Monday, September 27, 2010

The Global Cybercrime Industry


In The Global Cybercrime Industry: Economic, Institutional and Strategic Perspectives, Dr. Nir Kshetri an Associate Professor in UNCG's Bryan School of Business and Economics, explores the world of cybercrime. Dr. Kshetri sets out the five main goals of his research in the book's preface:

1) "to examine economic processes associated with the cybercrime industry . . . [and] help us better understand cybercrime as a form of economic activity and . . . inform the development of strategies for crime prevention."

2) "to understand institutional processes in the cybercrime industry."

3) "to provide insights into the entrepreneurial aspect of firms engaged in cyber-criminal activities."

4) "to explain the global variation in the pattern of cybercrimes . . . economic factors facing cyber-criminal and cybercrime victims are significantly different in developing and developed countries."

5) "to understand threats and countermeasures taken by key actors in this industry."

Dr. Kshetri is also well-known on campus for his teaching and was the recipient of the Bryan School Teaching Excellence Award in 2008.

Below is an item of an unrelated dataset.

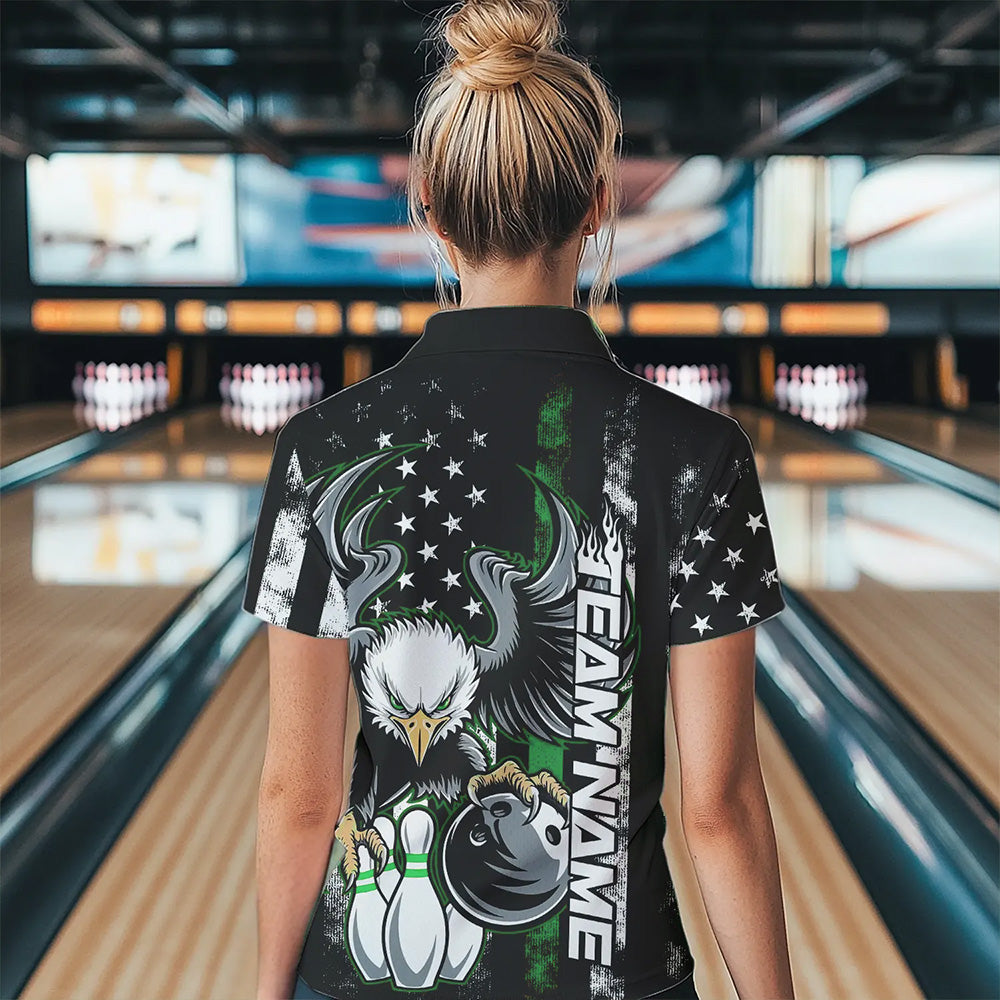 Custom Green Thin Line American Flag Eagle Bowling Women Polo Shirts, Patriotic US Bowling IPHW8737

Friday, September 24, 2010

Postcommunism, Postmodernism, and the Global Imagination


English Department Professor Christian Moraru edited this volume which explores "how post-Cold War accelerated globalization has been reshaping Central and East European literatures, cultures, and theoretical-ideological debates" (Moraru, V). Professor Moraru also contributes an essay on Nostalgia, a novel by Romanian author Mircea Cartarescu. The volume, which features essays by an international group of scholars, also includes an introduction by Aaron Chandler, of the English Department, and an essay by Phyllis Whitman Hunter of the History Department.

For more information on Professor Moraru, please visit his website.

Friday, September 10, 2010

From Cronkite to Colbert by Dr. Geoffrey Baym




From the publisher's website: "In a time when increasing numbers of people are tuning out the nightly news and media consumption is falling, the late-night comedians have become some of the most important newscasters in the country. From Cronkite to Colbert explains why. It examines an historical path that begins at the height of the network age with Walter Cronkite and Edward R. Murrow, when the evening news was considered the authoritative record of the day s events and forged our assumptions about what the news is, or should be. The book then winds its way through the breakdown of that paradigm of real news and into its reinvention in the unlikely form of such popularized shows as The Daily Show and The Colbert Report. From Cronkite to Colbert makes the case that rather than fake news, those shows should be understood as a new kind of journalism, one that has the potential to save the news and reinvigorate the conversation of democracy in today's society."